Chinese online gaming companies are turning to games originally designed by Chinese though they dug their first barrel of gold by distributing foreign games in China.

Three years after the first online game reached China, a list of the five most popular Chinese-made online games, as selected by about 180,000 players, was released Thursday.

"The one who is able to develop its own games will win the game in the future," said Chen Tianqiao, CEO of the Shanda Networking.

His company, a leading online game provider, was well known for distributing the Korean online game "Legend", but promoted its own "The World of Legend" last year, which has become one of the five most popular domestic games.

Chinese Internet service providers, like Netease and Sohu, also eye domestically developed online gaming.

Last year Netease saw success with its "A Chinese Odyssey Online II," and in January it launched a new one, "A Chinese Odyssey Magic", as an ambitious move this year.

According to Netease's finance report of the third quarter last year, online gaming produced US$6.8 million US$, or 38.42 percent of the company's operating revenue.

China's online gaming industry reported a sales revenue of 1.3 billion yuan (about US$157 million) in 2003 with more than13.8 million online players, said the report issued by the China Game Publisher Association (CGPA) and the US-based research firm International Data Corporation (IDC) on Jan. 15.

However, Korean online games have taken up some 70 percent of the market shares while homebred ones occupied 10 percent.

Shanda Networking has just reached an agreement with Korean game maker ACTOZ, the producer of Legend, after more than a year of negotiation about the game's operating authorization in China.

This roused discussion in the industry about how to cooperate with foreign counterparts and develop the country's own games, said Kou Xiaowei, deputy director of the Audio-Visual & Electronic Publication Management Department under the State Administration of Press and Publication.

"More and more domestic companies have realized that they have to research and develop their own games so as to compete with foreign firms," Kou said.

Chinese online game makers have their own advantage against foreigners, said Wang Jinbo, general manager of the Taiwan-based Soft-World International Corp. "Our products have cultural proximity with customers."

Players began to pay to play the first homebred online game "Legend of Knights Online" since December last year but the number of players has not reduced but continued rising from 70,000 to 80,000 now.

The success of "Legend of Knights Online" was attributed to its story line based on popular Chinese martial arts and Chinese-style love affairs, similar to the story told in the Oscar winning "Crouching Tiger, Hidden Dragon".

Chinese players are more fascinated by the "Xia," or Chinese knights, than "monsters and soldiers" often seen in overseas games, said Chen Wen, consultant with CCID Consulting Co.
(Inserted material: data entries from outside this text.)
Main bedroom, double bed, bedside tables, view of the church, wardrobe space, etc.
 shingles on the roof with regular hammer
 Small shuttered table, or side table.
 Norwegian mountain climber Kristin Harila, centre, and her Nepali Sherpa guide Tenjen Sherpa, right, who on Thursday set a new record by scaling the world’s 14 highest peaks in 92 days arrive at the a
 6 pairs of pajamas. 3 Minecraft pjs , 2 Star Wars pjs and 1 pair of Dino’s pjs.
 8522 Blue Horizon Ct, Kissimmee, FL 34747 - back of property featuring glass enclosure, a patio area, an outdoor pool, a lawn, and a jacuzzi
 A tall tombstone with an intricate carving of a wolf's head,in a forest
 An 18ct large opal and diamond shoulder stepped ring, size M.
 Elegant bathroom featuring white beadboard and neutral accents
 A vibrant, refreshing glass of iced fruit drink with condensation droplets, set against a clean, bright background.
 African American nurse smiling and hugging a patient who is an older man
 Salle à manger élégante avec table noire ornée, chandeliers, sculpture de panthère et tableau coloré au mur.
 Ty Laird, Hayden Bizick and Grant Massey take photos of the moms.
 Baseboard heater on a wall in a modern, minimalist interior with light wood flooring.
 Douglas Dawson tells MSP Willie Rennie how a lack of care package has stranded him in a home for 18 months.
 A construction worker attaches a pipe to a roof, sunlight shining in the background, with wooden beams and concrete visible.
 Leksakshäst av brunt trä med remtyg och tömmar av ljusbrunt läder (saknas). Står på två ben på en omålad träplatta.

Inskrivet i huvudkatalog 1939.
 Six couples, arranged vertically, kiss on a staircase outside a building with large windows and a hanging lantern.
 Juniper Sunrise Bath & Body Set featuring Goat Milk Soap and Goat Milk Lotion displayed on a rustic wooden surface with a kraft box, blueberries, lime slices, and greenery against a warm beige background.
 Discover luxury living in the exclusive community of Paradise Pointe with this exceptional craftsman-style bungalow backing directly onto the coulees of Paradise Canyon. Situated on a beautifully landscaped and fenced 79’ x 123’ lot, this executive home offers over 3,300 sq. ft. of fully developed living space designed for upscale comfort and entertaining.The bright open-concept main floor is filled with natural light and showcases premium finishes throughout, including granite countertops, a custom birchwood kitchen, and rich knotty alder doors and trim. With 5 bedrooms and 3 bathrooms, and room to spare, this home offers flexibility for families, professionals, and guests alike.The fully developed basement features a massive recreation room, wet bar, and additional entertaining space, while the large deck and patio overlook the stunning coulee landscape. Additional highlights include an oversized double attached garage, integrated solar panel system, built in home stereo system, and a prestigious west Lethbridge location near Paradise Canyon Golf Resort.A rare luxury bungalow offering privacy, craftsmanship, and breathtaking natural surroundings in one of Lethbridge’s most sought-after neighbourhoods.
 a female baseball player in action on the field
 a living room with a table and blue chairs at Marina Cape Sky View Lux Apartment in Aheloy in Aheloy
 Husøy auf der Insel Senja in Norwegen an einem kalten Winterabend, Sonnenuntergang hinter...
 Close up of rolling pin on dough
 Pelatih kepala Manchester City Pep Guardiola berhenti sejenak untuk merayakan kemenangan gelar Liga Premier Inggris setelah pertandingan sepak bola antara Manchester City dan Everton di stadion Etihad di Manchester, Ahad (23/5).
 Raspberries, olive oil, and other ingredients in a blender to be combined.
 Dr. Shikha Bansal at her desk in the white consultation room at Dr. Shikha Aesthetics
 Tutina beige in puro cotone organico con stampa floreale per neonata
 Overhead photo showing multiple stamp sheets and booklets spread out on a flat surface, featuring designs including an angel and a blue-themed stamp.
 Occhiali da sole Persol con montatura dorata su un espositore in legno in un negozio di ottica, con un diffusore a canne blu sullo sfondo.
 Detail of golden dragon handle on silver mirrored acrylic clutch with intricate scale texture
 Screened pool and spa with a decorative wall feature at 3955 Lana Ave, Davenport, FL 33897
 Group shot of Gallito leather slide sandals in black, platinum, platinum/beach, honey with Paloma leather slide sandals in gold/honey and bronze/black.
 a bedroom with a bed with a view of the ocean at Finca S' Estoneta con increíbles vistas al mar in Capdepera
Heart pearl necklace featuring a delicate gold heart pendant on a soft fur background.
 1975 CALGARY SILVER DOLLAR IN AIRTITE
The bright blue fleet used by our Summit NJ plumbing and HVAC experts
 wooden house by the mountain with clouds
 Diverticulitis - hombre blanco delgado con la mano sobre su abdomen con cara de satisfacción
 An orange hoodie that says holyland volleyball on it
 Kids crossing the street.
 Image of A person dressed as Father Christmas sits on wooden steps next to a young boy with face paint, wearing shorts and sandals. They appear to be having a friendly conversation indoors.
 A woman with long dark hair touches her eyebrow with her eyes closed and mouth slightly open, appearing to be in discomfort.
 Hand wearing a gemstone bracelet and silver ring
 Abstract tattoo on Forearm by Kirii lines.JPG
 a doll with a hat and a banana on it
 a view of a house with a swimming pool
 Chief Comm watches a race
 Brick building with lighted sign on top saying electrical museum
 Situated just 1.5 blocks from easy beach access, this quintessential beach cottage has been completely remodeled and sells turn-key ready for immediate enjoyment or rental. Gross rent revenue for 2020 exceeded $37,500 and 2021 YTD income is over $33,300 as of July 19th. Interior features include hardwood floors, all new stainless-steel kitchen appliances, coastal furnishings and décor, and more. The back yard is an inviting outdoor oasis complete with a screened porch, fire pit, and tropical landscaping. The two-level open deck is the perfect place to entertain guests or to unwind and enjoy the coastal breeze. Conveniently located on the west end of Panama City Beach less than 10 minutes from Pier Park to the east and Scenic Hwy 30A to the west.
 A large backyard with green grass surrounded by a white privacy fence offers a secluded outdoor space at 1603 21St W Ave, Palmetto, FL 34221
Ltd.

One third of the online games in China have a similar story line with Legend of Knights Online, he said.

Origin Systems' Ultima Online has not been as popular with Chinese as in the United States though it reached here in years.

Domestic game designers become popular while companies are eager for high-quality and creative original works.

Tianqing Digital, a local game maker, launched a game designing contest on Jan. 6, setting up a prize of 1.2 million yuan to headhunt good designers.